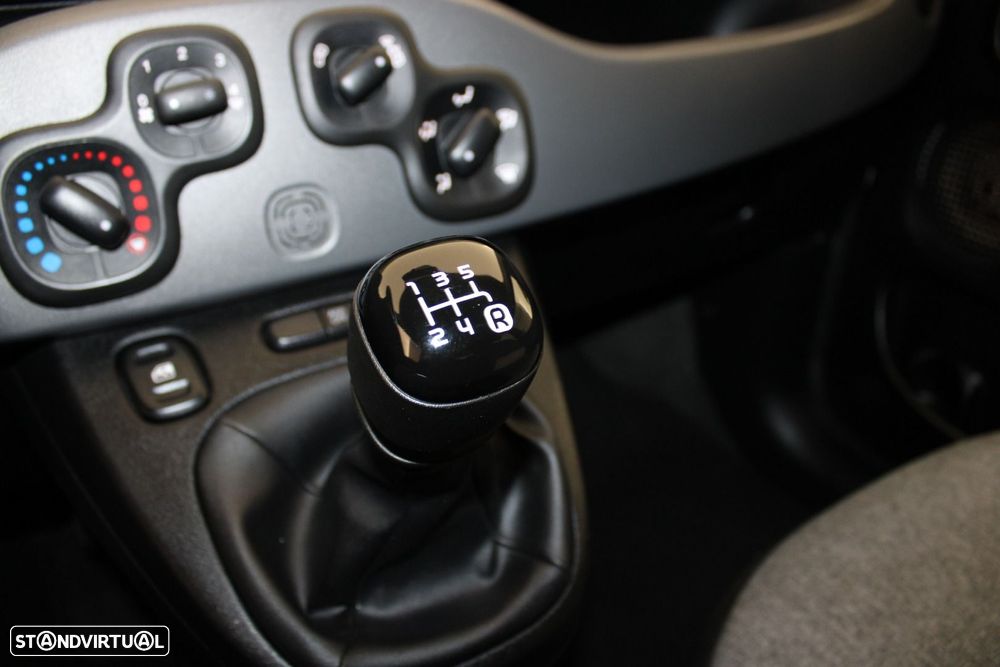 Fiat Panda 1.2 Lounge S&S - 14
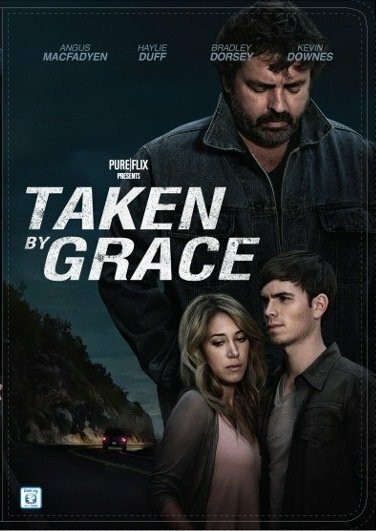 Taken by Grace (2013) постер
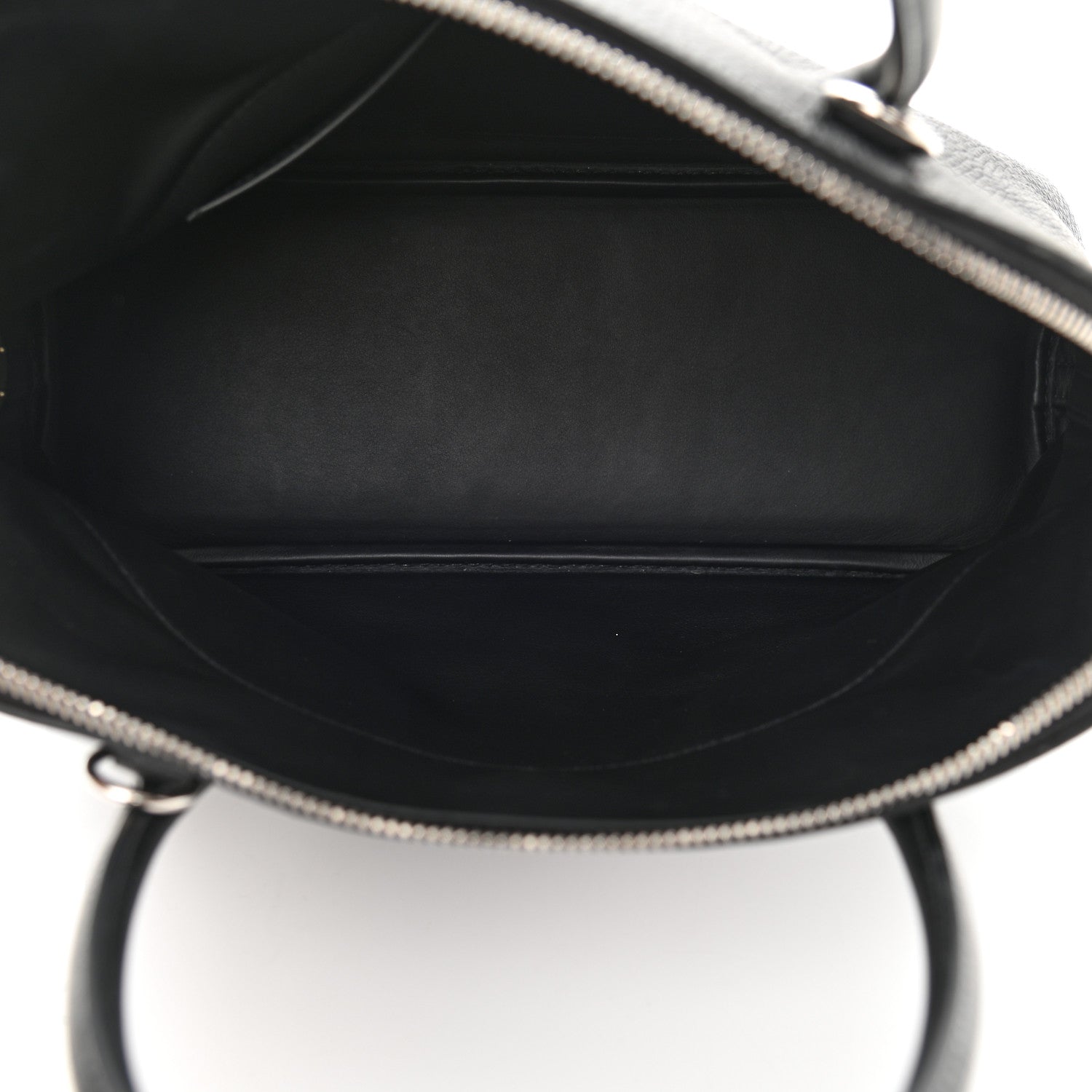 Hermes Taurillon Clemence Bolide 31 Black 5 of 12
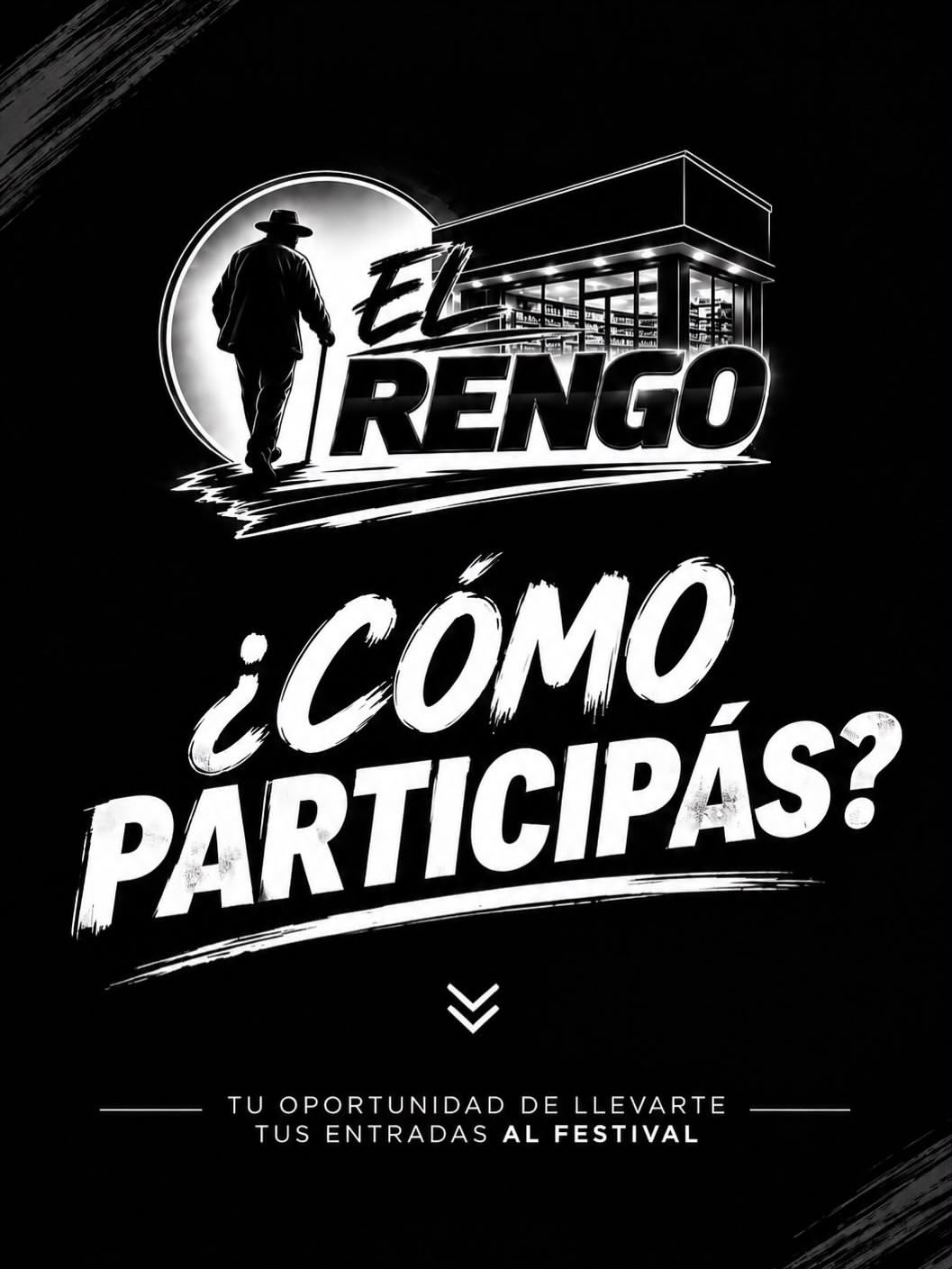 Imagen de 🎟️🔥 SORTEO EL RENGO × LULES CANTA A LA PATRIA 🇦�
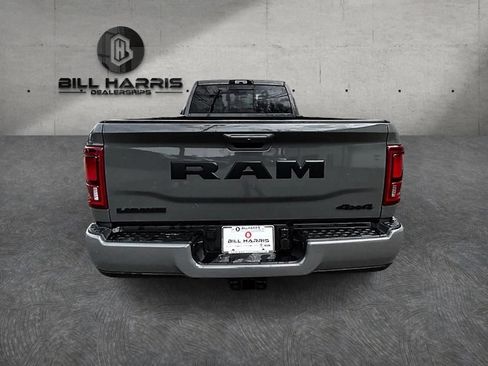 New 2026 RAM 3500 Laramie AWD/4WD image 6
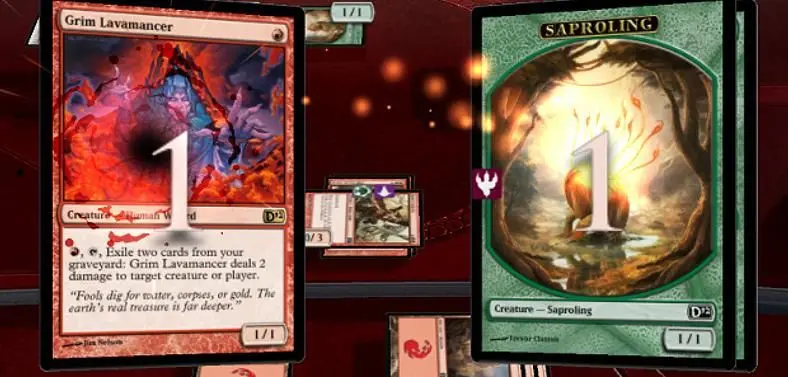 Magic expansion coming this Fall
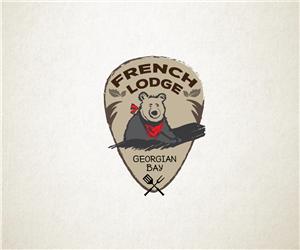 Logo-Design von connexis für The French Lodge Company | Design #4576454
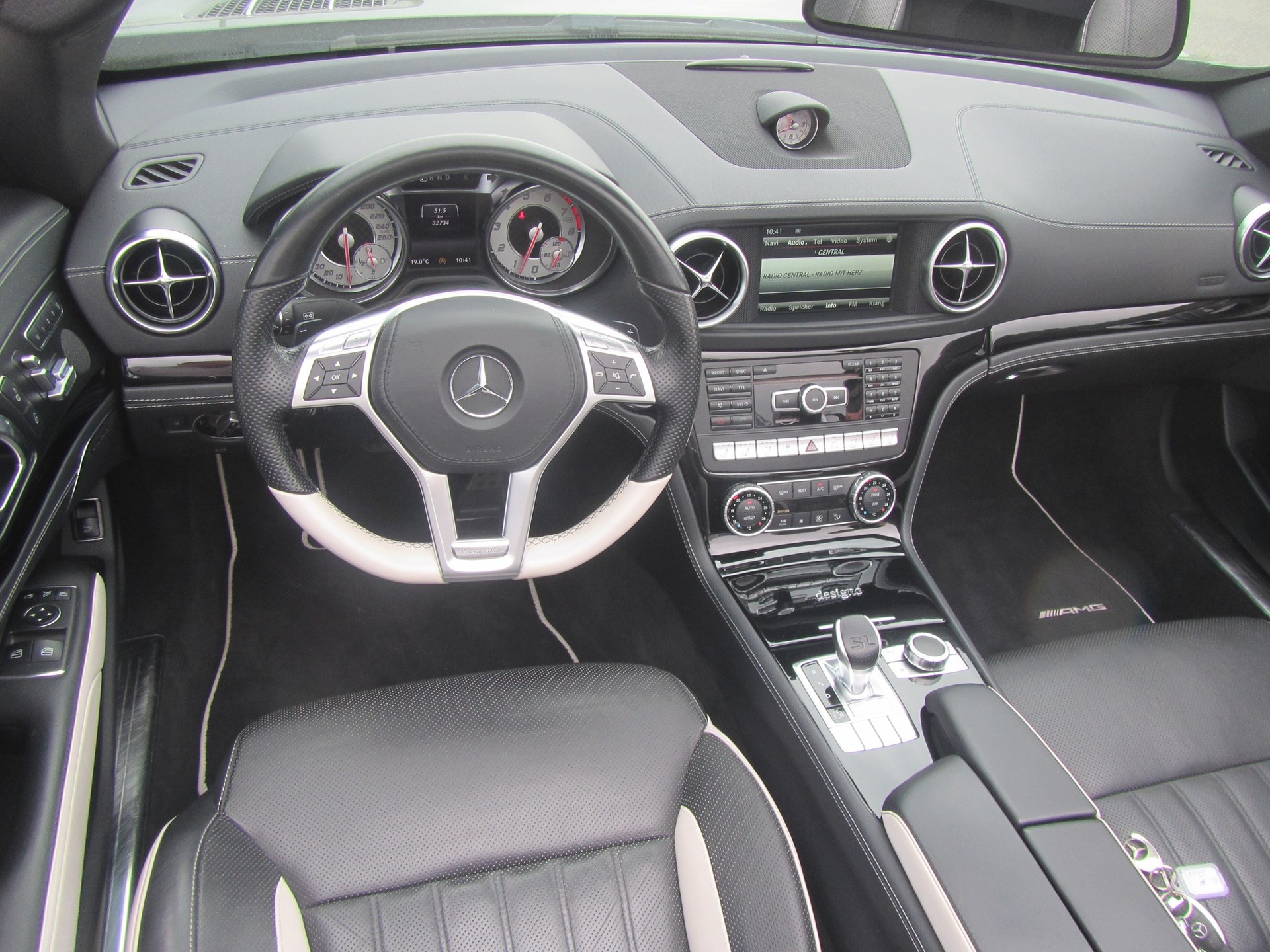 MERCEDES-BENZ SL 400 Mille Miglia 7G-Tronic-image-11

⁂

**Work request:**
Word for word, quote the full listing, omitting every picture.

**Exercise output:**
 Fiat Panda 1.2 Lounge S&S - 14
 Taken by Grace (2013) постер
 Hermes Taurillon Clemence Bolide 31 Black 5 of 12
 Imagen de 🎟️🔥 SORTEO EL RENGO × LULES CANTA A LA PATRIA 🇦�
 New 2026 RAM 3500 Laramie AWD/4WD image 6
 Magic expansion coming this Fall
 Logo-Design von connexis für The French Lodge Company | Design #4576454
 MERCEDES-BENZ SL 400 Mille Miglia 7G-Tronic-image-11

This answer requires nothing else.